Entertainment

Arthur Penn, director of ‘Bonnie and Clyde,’ is dead

Font Size:

Arthur Penn, the stage, television and motion picture director whose revolutionary treatment of sex and violence in the 1967 film “Bonnie and Clyde” transformed the American film industry, died Tuesday night, the day after he turned 88.

His death was confirmed by Evan Bell, a friend and accountant for Mr. Penn for 25 years. No other details were immediately provided.

A pioneering director of live television drama in the 1950s and a Broadway powerhouse in the 1960s, Mr. Penn developed an intimate, spontaneous and physically oriented method of directing actors that allowed their work to register across a range of mediums.

In 1957, he directed William Gibson’s television play “The Miracle Worker” for the CBS series “Playhouse 90” and earned Emmy nominations for himself, his writer and his star, Teresa Wright. In 1959, he restaged “The Miracle Worker” for Broadway and won Tony Awards for himself, his writer and his star, Anne Bancroft. And in 1962, he directed the film version of Gibson’s text, which won the best actress Oscar for Bancroft and the best supporting actress Oscar for her co-star, Patty Duke, as well as earning nominations for writing and directing.

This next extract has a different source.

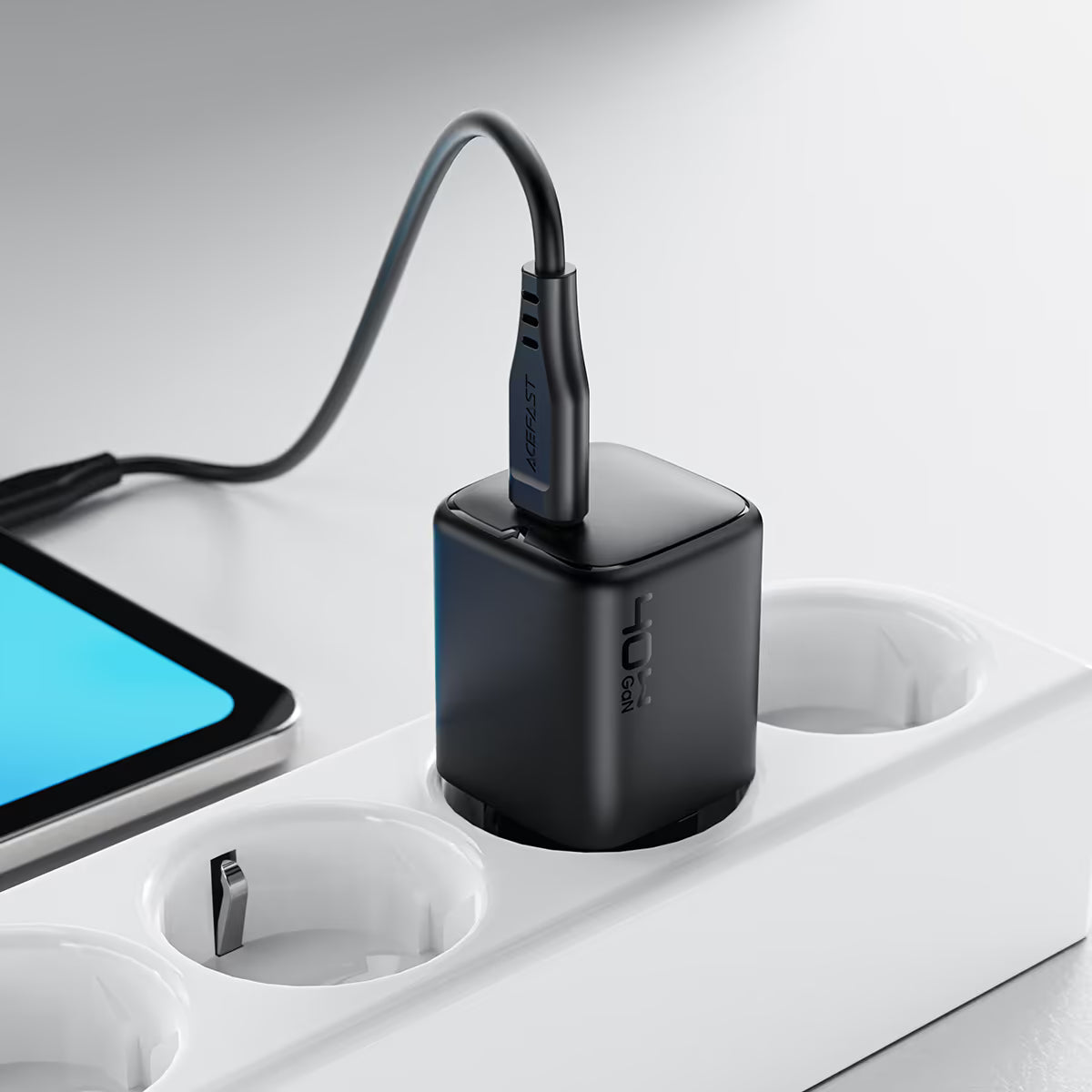 شاحن ACEFAST A136 GaN 40W PD USB-C شحن سريع AVS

Mr. Penn’s direction may also have changed the course of American history. He advised Senator John F. Kennedy during his watershed television debates with Richard M. Nixon in 1960 (and directed the broadcast of the third debate). Mr. Penn’s instructions to Kennedy — to look directly into the lens of the camera and keep his responses brief and pithy — helped give the candidate an aura of confidence and calm that created a vivid contrast to his more experienced but less telegenic Republican rival.

But it was as a film director that Mr. Penn left his mark on American culture, most indelibly with “Bonnie and Clyde.”